Farlopa ‘pa’ la tropa

YO, IGUAL que Suárez, pienso que el comunismo debe ser legalizado como cualquier otra droga. La clandestinidad solo empeora la calidad de la mercancía, sea química o ideológica. Ahora bien, el drogadicto químico destruye su vida y la de su familia, mientras que una sobredosis de voto comunista intoxica las arterias de toda la nación. Si tu descarriado vecino se mete colectivismo en vena por debilidad o por frecuentar malas compañías, todas ellas con derecho a voto, al final será contigo con quien terminen cebándose los impuestos, por mucho que desayunes zumo de naranja a las siete cada mañana. Y por toda estimulación, un café cargado.

Kiko Veneno desconfiaba de la cocaína porque persuadía al artista de que lo trivial es genial, que es una confusión muy propia de nuestro tiempo. El comunista, que tiene tanto de artista, está convencido de que su mierda devolverá la energía al pueblo. Y sin embargo no hay constancia de ningún drogadicto que haya triunfado a causa de su adicción –sino más bien a pesar de ella– ni de ningún pueblo que haya prosperado gracias al comunismo. El providencialismo histórico de Marx contiene tanta sustancia opiácea como la religión tradicional que don Karl se creyó llamado a abolir, sin sospechar que únicamente la remedaba.

Dicen las reseñas que Escohotado ha dedicado toda su vida al estudio de las drogas y del comunismo: como si se tratara de materias diferentes.

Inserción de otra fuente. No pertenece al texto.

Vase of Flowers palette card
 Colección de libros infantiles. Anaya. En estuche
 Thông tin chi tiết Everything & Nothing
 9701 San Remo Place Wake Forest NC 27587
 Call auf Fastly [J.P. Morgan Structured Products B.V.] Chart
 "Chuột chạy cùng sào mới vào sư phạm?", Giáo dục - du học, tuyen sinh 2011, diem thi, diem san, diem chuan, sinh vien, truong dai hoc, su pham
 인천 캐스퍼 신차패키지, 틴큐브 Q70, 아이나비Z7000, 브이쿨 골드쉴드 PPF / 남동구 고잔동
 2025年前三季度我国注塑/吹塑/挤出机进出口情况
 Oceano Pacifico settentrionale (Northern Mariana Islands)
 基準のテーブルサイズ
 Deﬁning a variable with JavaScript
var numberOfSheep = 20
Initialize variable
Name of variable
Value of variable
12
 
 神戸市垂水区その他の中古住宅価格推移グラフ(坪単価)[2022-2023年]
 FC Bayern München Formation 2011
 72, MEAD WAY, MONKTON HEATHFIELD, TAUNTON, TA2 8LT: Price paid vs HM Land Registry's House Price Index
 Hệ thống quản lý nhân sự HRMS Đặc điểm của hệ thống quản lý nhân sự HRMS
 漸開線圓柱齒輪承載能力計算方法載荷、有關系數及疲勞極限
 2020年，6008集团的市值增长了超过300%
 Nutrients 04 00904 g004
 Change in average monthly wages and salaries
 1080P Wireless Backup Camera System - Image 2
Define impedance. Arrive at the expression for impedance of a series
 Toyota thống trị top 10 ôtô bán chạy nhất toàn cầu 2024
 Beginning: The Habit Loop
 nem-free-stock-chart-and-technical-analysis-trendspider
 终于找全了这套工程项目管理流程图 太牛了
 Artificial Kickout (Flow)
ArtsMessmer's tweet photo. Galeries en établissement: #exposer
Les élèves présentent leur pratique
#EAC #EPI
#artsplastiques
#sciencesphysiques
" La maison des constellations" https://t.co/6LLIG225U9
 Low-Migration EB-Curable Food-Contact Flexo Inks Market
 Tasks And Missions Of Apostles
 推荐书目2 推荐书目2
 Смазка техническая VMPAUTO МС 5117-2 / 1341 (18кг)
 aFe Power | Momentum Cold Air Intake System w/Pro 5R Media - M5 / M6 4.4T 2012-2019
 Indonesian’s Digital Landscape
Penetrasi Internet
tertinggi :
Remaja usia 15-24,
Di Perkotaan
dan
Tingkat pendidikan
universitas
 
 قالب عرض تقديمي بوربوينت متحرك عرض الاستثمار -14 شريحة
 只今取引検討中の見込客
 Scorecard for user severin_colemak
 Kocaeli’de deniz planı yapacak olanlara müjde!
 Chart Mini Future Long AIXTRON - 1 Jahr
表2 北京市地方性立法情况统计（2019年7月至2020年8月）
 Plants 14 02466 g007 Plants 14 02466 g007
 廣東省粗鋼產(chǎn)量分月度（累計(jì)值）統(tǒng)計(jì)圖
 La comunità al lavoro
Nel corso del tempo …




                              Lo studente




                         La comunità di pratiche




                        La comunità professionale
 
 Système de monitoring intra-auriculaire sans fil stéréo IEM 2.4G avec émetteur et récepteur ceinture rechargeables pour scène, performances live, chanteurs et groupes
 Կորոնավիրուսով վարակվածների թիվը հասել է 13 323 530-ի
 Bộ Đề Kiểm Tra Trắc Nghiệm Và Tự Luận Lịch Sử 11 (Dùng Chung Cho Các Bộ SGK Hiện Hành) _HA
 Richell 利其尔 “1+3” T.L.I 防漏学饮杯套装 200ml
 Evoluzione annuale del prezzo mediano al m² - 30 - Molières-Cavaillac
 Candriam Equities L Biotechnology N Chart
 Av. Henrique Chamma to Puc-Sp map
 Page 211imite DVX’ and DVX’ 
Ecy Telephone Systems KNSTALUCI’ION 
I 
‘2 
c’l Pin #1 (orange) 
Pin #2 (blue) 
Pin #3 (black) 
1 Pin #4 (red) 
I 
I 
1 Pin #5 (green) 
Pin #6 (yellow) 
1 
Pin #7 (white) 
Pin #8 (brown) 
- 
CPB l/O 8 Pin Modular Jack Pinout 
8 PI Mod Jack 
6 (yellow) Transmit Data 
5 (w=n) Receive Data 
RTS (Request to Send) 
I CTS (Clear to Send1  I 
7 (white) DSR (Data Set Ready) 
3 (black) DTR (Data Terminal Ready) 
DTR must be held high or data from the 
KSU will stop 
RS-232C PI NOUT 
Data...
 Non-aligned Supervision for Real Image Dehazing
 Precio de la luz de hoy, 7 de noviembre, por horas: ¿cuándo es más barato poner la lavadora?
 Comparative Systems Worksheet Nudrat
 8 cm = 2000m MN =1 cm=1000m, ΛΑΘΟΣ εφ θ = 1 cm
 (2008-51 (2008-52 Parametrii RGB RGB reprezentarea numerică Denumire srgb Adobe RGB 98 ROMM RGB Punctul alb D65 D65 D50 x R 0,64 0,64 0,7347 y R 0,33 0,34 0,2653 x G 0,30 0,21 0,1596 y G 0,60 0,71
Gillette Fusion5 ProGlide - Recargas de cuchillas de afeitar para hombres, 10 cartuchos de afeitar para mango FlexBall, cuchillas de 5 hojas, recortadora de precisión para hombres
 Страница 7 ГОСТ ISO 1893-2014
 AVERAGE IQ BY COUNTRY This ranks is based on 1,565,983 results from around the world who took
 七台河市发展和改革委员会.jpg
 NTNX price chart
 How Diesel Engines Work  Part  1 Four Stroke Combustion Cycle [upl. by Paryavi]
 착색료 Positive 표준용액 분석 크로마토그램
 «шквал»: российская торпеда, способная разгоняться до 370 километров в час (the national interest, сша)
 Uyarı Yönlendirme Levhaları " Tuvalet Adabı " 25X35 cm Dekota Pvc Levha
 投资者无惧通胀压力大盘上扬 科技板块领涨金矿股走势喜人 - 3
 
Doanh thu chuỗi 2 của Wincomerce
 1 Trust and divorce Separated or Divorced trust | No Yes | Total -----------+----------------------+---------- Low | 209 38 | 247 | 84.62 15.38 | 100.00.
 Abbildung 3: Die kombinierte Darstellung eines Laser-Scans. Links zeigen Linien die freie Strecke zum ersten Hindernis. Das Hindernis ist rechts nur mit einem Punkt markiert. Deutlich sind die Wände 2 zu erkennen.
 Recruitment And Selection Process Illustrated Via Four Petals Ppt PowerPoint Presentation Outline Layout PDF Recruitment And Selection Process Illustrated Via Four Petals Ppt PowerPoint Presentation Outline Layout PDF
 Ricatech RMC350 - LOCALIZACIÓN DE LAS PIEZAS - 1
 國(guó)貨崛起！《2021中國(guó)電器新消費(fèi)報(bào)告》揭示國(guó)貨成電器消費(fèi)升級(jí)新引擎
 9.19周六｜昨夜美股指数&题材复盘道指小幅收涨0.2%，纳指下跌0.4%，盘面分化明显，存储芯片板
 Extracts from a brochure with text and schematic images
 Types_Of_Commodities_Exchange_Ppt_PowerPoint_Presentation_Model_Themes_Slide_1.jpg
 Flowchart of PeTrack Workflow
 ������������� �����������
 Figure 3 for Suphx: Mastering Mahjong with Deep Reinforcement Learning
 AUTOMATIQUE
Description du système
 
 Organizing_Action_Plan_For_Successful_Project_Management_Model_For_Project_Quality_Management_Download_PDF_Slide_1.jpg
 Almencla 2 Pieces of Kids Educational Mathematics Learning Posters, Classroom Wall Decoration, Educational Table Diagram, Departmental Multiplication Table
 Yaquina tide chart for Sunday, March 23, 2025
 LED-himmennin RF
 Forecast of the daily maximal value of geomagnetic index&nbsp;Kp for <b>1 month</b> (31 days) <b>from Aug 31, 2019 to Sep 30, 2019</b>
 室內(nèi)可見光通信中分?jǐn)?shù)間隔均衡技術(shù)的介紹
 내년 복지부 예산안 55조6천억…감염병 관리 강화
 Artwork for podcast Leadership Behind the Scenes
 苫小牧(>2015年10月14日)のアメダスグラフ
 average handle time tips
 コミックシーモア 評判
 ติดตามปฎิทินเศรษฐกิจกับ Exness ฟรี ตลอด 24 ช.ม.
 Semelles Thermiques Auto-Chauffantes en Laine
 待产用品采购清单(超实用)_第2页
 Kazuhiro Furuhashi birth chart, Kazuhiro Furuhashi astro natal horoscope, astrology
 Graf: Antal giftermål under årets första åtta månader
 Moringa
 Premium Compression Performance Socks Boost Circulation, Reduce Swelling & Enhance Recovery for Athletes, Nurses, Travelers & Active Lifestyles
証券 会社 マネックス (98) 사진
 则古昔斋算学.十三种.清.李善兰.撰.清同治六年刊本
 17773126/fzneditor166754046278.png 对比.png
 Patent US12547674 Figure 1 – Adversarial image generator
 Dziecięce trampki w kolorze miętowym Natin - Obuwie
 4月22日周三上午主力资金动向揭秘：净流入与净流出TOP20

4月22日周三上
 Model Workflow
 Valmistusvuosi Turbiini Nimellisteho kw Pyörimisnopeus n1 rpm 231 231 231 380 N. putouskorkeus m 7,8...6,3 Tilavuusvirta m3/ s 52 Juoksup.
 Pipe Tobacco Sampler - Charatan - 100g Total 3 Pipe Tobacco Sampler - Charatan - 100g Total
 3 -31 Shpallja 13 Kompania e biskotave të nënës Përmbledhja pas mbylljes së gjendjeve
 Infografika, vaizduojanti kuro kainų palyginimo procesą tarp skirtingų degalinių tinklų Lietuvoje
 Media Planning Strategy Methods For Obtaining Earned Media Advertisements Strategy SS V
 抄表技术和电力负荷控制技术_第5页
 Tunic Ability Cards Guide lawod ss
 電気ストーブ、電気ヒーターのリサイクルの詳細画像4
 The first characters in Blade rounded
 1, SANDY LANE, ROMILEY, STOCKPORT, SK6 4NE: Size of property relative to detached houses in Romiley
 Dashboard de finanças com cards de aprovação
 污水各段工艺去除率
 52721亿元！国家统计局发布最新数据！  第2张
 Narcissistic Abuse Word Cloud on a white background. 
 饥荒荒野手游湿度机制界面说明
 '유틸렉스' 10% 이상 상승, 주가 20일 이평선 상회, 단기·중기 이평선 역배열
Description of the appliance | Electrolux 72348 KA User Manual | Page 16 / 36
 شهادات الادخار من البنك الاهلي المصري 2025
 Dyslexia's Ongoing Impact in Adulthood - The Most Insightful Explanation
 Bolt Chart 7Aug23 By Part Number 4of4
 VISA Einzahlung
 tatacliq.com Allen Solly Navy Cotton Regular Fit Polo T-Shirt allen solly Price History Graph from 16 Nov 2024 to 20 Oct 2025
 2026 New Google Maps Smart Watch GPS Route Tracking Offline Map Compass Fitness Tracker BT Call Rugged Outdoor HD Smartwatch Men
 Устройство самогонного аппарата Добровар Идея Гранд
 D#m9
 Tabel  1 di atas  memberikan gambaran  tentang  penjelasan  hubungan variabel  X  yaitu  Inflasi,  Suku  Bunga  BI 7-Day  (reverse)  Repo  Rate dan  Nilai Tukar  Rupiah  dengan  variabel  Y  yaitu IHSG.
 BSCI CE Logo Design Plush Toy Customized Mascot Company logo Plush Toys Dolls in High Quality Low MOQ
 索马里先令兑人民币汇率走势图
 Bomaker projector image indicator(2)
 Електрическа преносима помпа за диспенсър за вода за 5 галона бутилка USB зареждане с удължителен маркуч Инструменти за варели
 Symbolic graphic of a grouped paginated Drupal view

Pronto sacará el tercer volumen de su temeraria historiografía sobre los enemigos del comercio (los amigos del trapicheo), que vuelven a proliferar en Occidente como todos los siglos por estas fechas. Odian el comercio –«el capitalismo es ontológicamente abyecto», me aseguró Iglesias en la radio el invierno pasado– los populistas, los proteccionistas, los hijos mamones de papá Estado, los soberanistas, los rentistas universales, los altermundistas de variopinta filiación, seguros en el error como solo un creyente o un adicto puede estarlo. La civilización, desde los fenicios a la TTIP, se ha construido contra ellos, pues los señores de la guerra y los gramscianos mitógrafos de la hegemonía odian el pragmatismo de los comerciantes. Porque donde hay un cliente deja de haber un enemigo, y donde no hay enemigo le falta el pretexto a un caudillo para aglutinar a su tribu.

Yo entiendo que la ley global de la oferta y la demanda dé miedo, sobre todo a quienes no tienen nada que ofrecer. Pero un país que se decanta en las urnas por los partidos que programan paguitas públicas y derechos sin deberes prepara una sociedad de siervos. El populismo inglés, alemán, francés o español coincide en una nostalgia de autarquía y en el desvío de la responsabilidad a terceros, sean los inmigrantes, los burócratas de Bruselas o la puerta giratoria de un señor gordo del Ibex. Quien se engancha a esta retórica cae en ese autoengaño lisérgico que confunde lo trivial con lo genial, el kitsch con el equilibrio presupuestario. La droga vende porque procura una gratificación inmediata y demora una ruina segura. En el país que lidera el consumo de perico ningún partido se ha atrevido con el eslogan definitivo: Farlopa pa la tropa (pa la gente). Paga el Estado.

Decía Jardiel que el suicidio es una exasperación de la impaciencia. España arde de impacientes exasperados, el domingo sabremos cuántos. Si son los suficientes, la orgía será majestuosa: esnifad, españoles, las cenizas de vuestros padres. Ya volverá cuatro años después la metadona de la austeridad.